Studio album by Daft Punk
- Released: 12 March 2001
- Recorded: 1998–2000
- Studio: Daft House (Paris)
- Genres: French house; nu-disco; electro-funk;
- Length: 60:50
- Label: Virgin
- Producers: Thomas Bangalter; Guy-Manuel de Homem-Christo;

Daft Punk chronology
| Homework (1997) | Discovery (2001) | Alive 1997 (2001) |

Japanese standard release
- The Japanese cover, featuring characters from Interstella 5555.

Singles from Discovery
- "One More Time" Released: 13 November 2000; "Aerodynamic" Released: 28 March 2001; "Digital Love" Released: 11 June 2001; "Harder, Better, Faster, Stronger" Released: 13 October 2001; "Face to Face" Released: 10 October 2003; "Something About Us" Released: 14 November 2003;

= Discovery (Daft Punk album) =

Discovery is the second studio album by the French electronic music duo Daft Punk, released on 12 March 2001 by Virgin Records. It moved from the Chicago house of their first album, Homework (1997), to a house style inspired by disco, post-disco, garage house, and R&B. Thomas Bangalter of Daft Punk described Discovery as an exploration of song structures, musical forms, and childhood nostalgia, compared to the "raw" electronic music of Homework.

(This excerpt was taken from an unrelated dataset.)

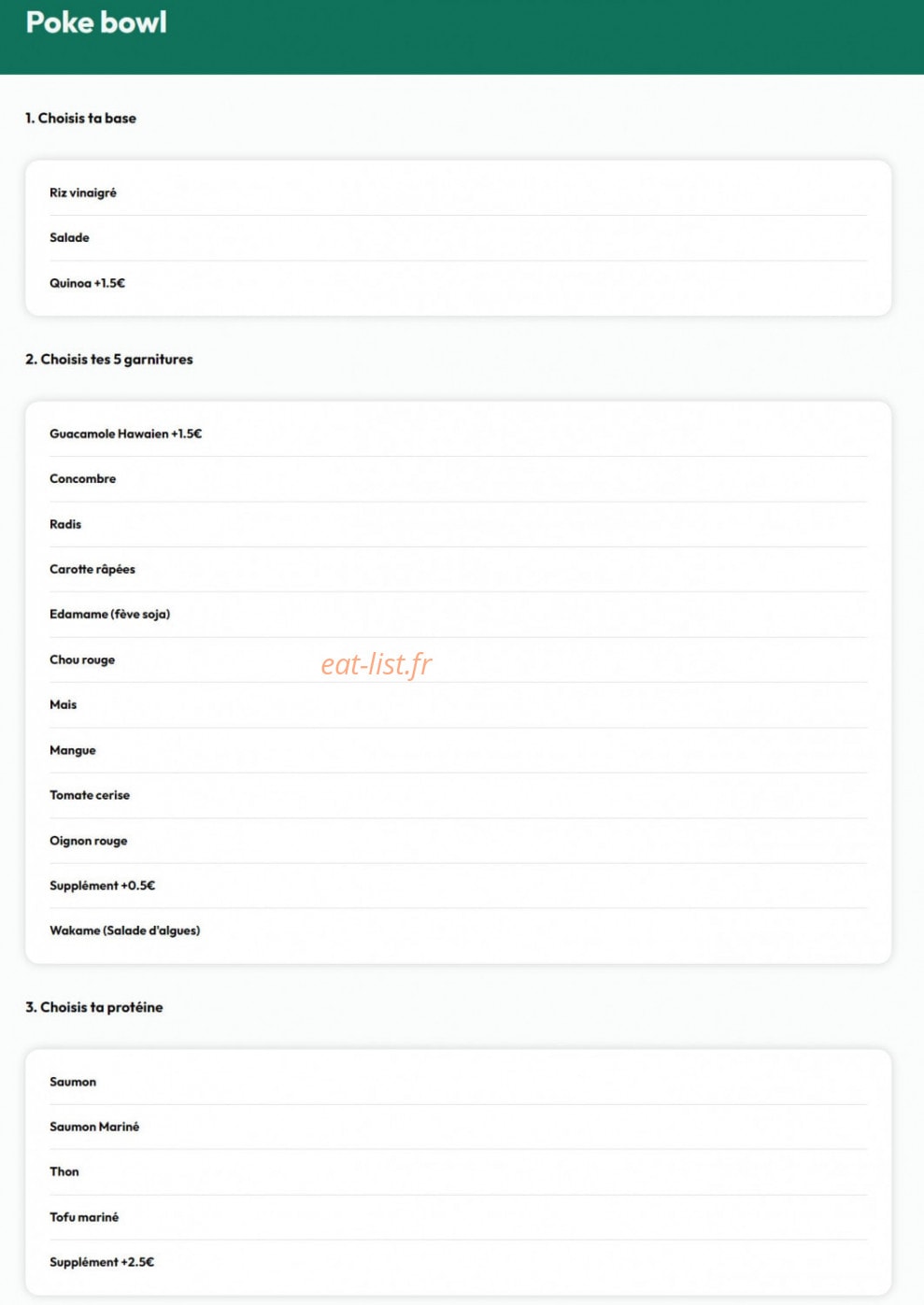 Topp'in — carte page 2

Discovery was recorded at Bangalter's home in Paris between 1998 and 2000. It features extensive sampling; some samples are from older records, while others were created by Daft Punk. The electronic musicians Romanthony, Todd Edwards, and DJ Sneak collaborated on some tracks. For the music videos, Daft Punk developed a concept that merged science fiction with the entertainment industry. Inspired by their childhood love for Japanese anime, the duo collaborated with Leiji Matsumoto to produce Interstella 5555: The 5tory of the 5ecret 5tar 5ystem, an anime film with Discovery as the soundtrack.

Before Discoverys release, Daft Punk adopted robot costumes. They also launched Daft Club, a website featuring exclusive tracks and bonus material. Discovery peaked high across several charts internationally on release. Critics praised Daft Punk for innovating in house music as they had done with Homework. The album produced six singles: "One More Time" was the most successful, becoming a club hit.

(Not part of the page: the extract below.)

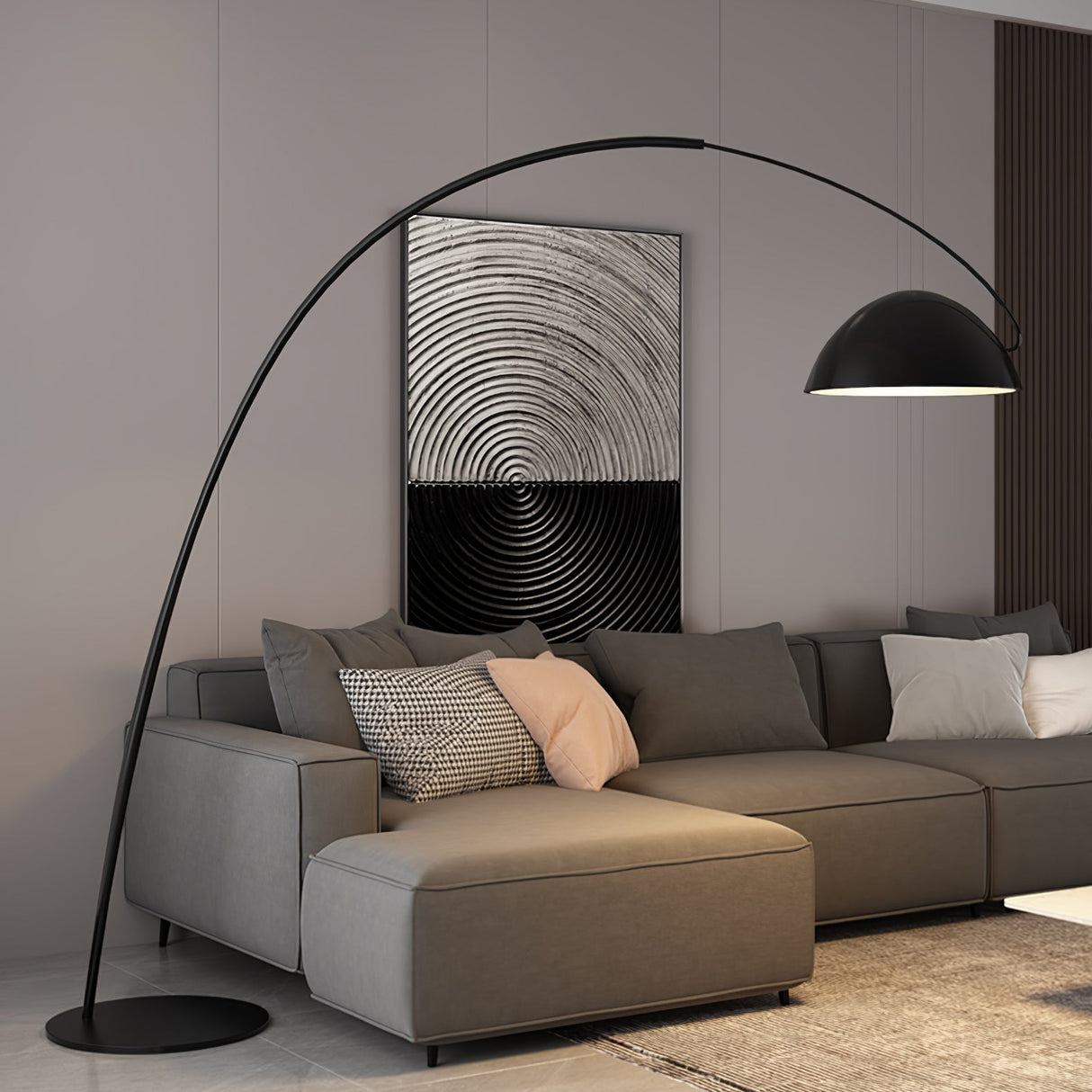 LumoArch Premium LED Bogenstehleuchte | Modernes Design | Dimmbar | Wohnzimmer Beleuchtung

Discovery has been named among the greatest albums and is credited with influencing electronic and pop production over subsequent decades. In 2020, Rolling Stone included it at number 236 in its updated list of "The 500 Greatest Albums of All Time".

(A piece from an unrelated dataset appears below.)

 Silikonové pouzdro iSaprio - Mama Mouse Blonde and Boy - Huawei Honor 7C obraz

==Background and recording==
After their debut album, Homework, was released, Thomas Bangalter and Guy-Manuel de Homem-Christo spent most of 1997 touring on the Daftendirektour. For the first half of 1998, the duo were focused on their own personal labels while also working on the video collection D.A.F.T.: A Story About Dogs, Androids, Firemen and Tomatoes. In 1999 and 2000, their time was split between making music for their own labels and recording Discovery. Bangalter noted that Homework influenced many other artists to mimic its sound, prompting Daft Punk to pursue a different direction to better distinguish themselves.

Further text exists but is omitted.